A new all-time temperature record for an entire continent is a rare event. But that may have happened for the continent of Antarctica last Tuesday for the second time in a week. As reported on the Weather Underground website, the mercury shot up to 63.5°F (17.5°C) at Argentina's Esperanza Base on the northern tip of the Antarctic Peninsula. The previous hottest temperature recorded in Antarctica was 63.3°F (17.4°C) set the day before at Argentina's Marambio Base, on a small islet just off the coast of the Antarctic Peninsula. Until then, the hottest known temperature in Antarctica was the 62.8°F (17.1°C) recorded at Esperanza Base on April 24, 1961.
The World Meteorological Organization (WMO) has not yet certified that this week's temperatures are all-time weather records for Antarctica, though the Argentinian weather service has verified that the temperatures measured at Esperanza Base and Marambio Base were the highest ever measured at each site.

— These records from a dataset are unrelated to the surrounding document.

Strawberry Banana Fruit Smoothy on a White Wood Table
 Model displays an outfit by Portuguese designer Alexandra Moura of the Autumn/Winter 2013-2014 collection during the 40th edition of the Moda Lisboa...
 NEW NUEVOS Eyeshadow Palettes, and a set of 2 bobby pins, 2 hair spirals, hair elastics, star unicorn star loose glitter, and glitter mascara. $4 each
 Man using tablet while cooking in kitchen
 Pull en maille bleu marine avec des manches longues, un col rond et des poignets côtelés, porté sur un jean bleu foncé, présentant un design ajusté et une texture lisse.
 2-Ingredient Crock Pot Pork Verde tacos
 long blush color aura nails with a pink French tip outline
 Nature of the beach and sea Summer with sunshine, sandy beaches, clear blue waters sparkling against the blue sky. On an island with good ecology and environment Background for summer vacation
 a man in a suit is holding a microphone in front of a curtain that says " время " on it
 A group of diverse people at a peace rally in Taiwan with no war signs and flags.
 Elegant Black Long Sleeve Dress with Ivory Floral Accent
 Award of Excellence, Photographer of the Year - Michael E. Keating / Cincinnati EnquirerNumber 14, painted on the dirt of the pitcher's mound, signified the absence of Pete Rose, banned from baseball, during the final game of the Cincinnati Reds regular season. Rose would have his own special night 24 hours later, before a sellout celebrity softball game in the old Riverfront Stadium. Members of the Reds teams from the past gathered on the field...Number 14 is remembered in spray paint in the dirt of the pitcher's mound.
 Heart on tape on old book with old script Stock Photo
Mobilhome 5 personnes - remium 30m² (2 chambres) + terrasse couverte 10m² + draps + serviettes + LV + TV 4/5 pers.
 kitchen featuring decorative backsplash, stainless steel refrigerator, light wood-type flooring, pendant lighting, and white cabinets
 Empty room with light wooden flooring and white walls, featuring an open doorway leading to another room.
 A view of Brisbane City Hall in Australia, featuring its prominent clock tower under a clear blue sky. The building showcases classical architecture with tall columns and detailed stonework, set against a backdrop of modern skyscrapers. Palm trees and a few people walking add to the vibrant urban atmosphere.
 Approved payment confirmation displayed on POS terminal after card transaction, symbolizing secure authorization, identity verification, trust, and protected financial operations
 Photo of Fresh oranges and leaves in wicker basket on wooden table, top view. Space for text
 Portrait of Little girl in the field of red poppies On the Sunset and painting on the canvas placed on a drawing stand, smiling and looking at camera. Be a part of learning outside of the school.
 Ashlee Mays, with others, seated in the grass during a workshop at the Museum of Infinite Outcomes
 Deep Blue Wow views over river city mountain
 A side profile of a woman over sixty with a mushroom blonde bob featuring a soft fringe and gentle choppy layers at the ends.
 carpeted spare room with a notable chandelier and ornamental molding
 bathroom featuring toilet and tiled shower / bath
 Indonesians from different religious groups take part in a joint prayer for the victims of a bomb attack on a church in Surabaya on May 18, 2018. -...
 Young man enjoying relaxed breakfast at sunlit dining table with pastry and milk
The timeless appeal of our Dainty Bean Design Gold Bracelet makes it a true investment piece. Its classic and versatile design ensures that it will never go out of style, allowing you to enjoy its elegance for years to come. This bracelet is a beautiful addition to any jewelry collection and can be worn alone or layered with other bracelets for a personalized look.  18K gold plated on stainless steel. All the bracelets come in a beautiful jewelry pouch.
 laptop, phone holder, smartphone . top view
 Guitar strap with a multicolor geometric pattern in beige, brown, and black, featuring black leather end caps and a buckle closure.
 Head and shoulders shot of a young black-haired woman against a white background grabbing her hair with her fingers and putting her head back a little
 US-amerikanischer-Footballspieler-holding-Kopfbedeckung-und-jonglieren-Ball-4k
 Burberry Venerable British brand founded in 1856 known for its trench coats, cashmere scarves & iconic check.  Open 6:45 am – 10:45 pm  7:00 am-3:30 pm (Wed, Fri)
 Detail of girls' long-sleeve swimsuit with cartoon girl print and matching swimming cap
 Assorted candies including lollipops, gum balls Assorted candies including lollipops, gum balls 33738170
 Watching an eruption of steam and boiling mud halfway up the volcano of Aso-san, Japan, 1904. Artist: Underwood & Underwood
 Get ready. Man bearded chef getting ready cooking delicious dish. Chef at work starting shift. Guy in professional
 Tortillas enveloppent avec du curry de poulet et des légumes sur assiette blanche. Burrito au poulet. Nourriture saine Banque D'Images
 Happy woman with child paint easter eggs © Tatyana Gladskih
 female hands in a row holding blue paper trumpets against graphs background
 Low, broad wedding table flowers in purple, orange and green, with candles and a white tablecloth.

The Antarctic Peninsula is one of the fastest warming spots on Earth. A 2012 Climate Central post by Michael Lemonick on climatecentra.org documented how while the Earth as a whole warmed up by 1.3°F between 1900 and 2011, the Antarctic Peninsula warmed by 5°, forcing massive ice shelves to disintegrate and penguin colonies to collapse.
A 2012 study published in the journal Nature found that the recent warming is faster than 99.7% of any other given 100-year period in the last 2000 years.